Since he started with EFP in March, he’s shown rapid growth. At first, Davis showed up frequently to check on Reynolds, just to make sure he was doing well. As he became more independent, the trips became fewer and further between.

Davis said that when she first began working with Reynolds he would keep his head down and not be social with others, but since working at EFP he’s blossomed.

“Sometimes I like to just be by myself because I just feel like I want to be alone,” Reynolds said. “But a lot of times I like to talk to people.”

Now, Reynolds has moved into the stabilization process of the ADEC program. Davis checks in with him every couple of weeks — for a total 90 days — and, if everything goes smoothly, Reynolds will exit the program and have full independence.

“It was different at first, it started out where Monica would come over and always be watching me,” Reynolds said. “Then she left, and I felt like: ‘I think I can handle my own now.’”

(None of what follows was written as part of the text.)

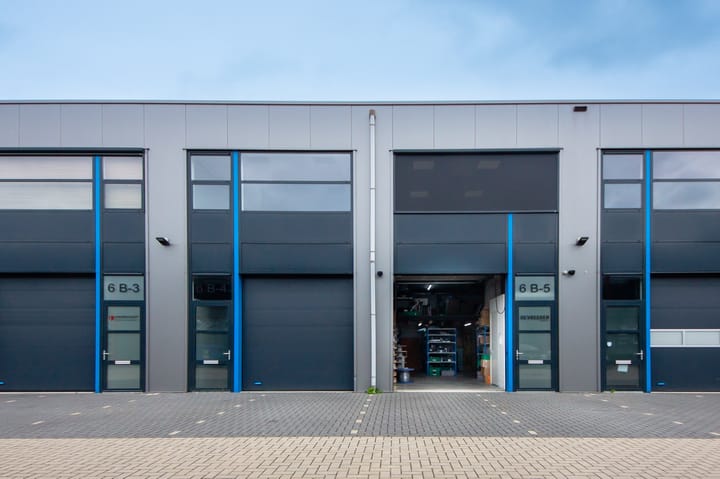 Heliumweg 6-B5, Amersfoort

Davis said she feels confident that Reynolds — who now works 32 hours each week — will get through the stabilization process easily, but ADEC will be there for him if he needs more help.

“If something does happen we can take him out and keep supporting him,” she said. “But he’s doing such a phenomenal job.”

When EFP Director of Human Resources Randy Jackson met with John Poindexter, the owner of EFP and several other businesses, he said the relationship between ADEC and EFP shined bright.

“The ADEC program was something that was unique to Elkhart and EFP [that we talked about], and it was a little bit of an ‘Ah ha’ moment for John,” Jackson said. “Rest assured he’s going around to those other business and saying: ‘You need to look at Elkhart and see what they’re doing with ADEC.’”

In all, EFP employees three ADEC employees and is looking for more who are seeking employment.

Reynolds said he isn’t sure how long he’ll work at EFP, but he enjoys the work and sees a future with the company.

“I dunno,” he said. “I’ll probably be here the rest of my life.”